++++ Supplied data ++++
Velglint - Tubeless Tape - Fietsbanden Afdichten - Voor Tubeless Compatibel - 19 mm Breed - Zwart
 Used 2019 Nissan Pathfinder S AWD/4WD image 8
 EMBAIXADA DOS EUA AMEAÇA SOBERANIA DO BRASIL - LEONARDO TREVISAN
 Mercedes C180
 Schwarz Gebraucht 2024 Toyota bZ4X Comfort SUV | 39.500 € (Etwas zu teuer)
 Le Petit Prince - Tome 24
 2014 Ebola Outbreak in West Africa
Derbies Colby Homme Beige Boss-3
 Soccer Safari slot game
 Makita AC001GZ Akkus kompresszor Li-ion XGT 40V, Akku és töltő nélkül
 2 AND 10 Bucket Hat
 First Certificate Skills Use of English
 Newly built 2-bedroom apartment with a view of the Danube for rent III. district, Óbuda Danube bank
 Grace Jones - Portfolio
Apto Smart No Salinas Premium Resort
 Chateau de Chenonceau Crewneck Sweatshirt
++++
> **What this task involves**
Restate the records word for word, leaving nothing out.

> **Written response**
Velglint - Tubeless Tape - Fietsbanden Afdichten - Voor Tubeless Compatibel - 19 mm Breed - Zwart
 Used 2019 Nissan Pathfinder S AWD/4WD image 8
 EMBAIXADA DOS EUA AMEAÇA SOBERANIA DO BRASIL - LEONARDO TREVISAN
 Mercedes C180
 Schwarz Gebraucht 2024 Toyota bZ4X Comfort SUV | 39.500 € (Etwas zu teuer)
 Le Petit Prince - Tome 24
 2014 Ebola Outbreak in West Africa
Derbies Colby Homme Beige Boss-3
 Soccer Safari slot game
 Makita AC001GZ Akkus kompresszor Li-ion XGT 40V, Akku és töltő nélkül
 2 AND 10 Bucket Hat
 First Certificate Skills Use of English
 Newly built 2-bedroom apartment with a view of the Danube for rent III. district, Óbuda Danube bank
 Grace Jones - Portfolio
Apto Smart No Salinas Premium Resort
 Chateau de Chenonceau Crewneck Sweatshirt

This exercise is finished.